Юлия Скрылёва
У каждого из авторов этих трёх книг, вышедших в издательстве «СтиХИ», своя стилистика, своё мироощущение, свой собственный голос. Однако сборники объединены прежде всего тем, что все три поэта (Роман Рубанов, Наталия Булгакова и Андрей Болдырев) стремятся осмыслить и отрефлексировать важнейшую и сложнейшую для человека тему хрупкости жизни, недолговечности земного пути и перехода в мир иной.
Небо спускается с берега
Роман Рубанов. Порядок снов: книга стихотворений. – М.: Дизайн-бюро «Револьверарт»; СТиХИ, 2025. – 64 с.: ил. – (Книжные серии товарищества поэтов «Сибирский тракт». Кн. 17: Основа).

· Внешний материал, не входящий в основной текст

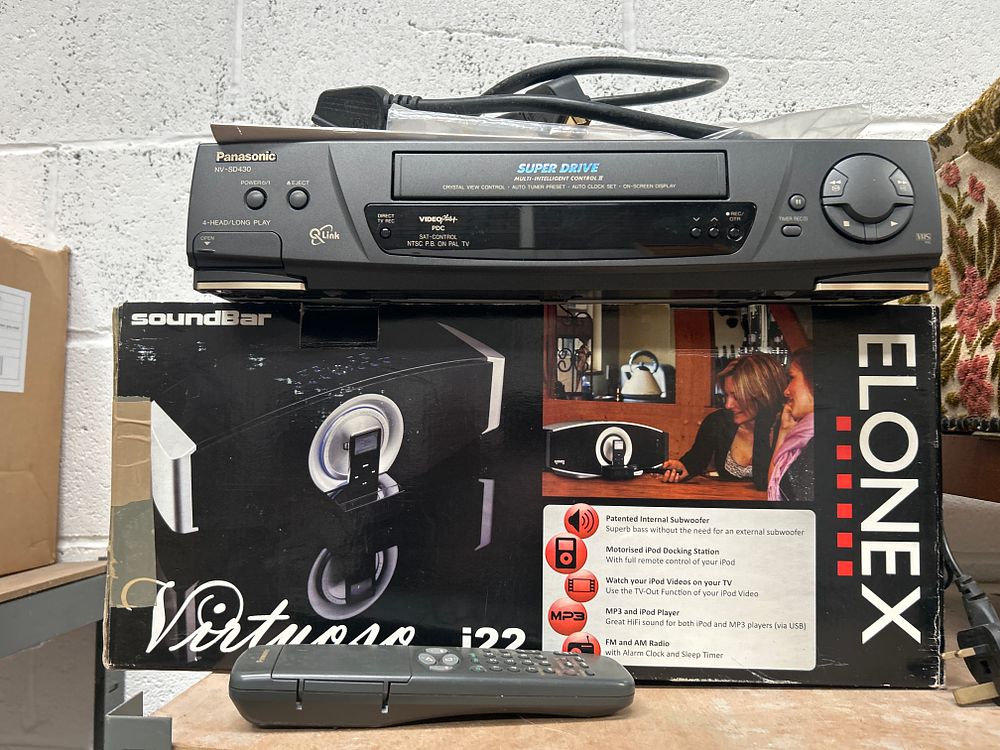 Lot 303: Two Home Electronics Items Comprising a Panasonic NV-SD430 VHS VCR and a Boxed Elonex Virtuoso i22 Soundbar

Сборник Романа Рубанова полон образов, связанных с небом и землёй («Пока Богоматерь по небу идёт, / И светел её омофор, / И свет его льётся спасительный до / Земли, до лиловых озёр, / До синих лесов, до сиреневых рек…»; «Счастья касаясь неверного, / как на библейских рисунках, / в реку спускается с берега / небо в сиреневых сумерках»), причём два этих мира в его поэтике не просто соседствуют, а сосуществуют. Автор не чертит между ними строгих границ, и до неба, по Рубанову, можно «достать рукой»: «Поднимут человека на лесах. / Теперь ему держать руками небо» («Роспись»). Небо гораздо ближе к земле, чем можно себе представить, – убеждает нас поэт, «отражая» небесный свод в водоёмах, «роняя» в них звёзды, закаты и облака, «проливая» на пол луну. А вот, например, такие строки: «Небо, в одно собрав / всё своё далеко, бьётся о дно ведра / утренним молоком».
Образ воды, реки не менее важен для поэта, чем образы неба и земли:
Давай прикинем, сколько здесь осин.
В России
мелкий дождик моросит.
И с изумленьем смотрят караси,
Как к лодке по воде идёт Мессия.
В следующем примере мы видим ещё один образ – ночи. Роман Рубанов тонко и поэтично показывает смену времени суток: «Ночь сядет в лодку. Скрипнут вёсла. / День медленно пойдёт на дно, / И все известные мне звёзды / Уставятся в твоё окно».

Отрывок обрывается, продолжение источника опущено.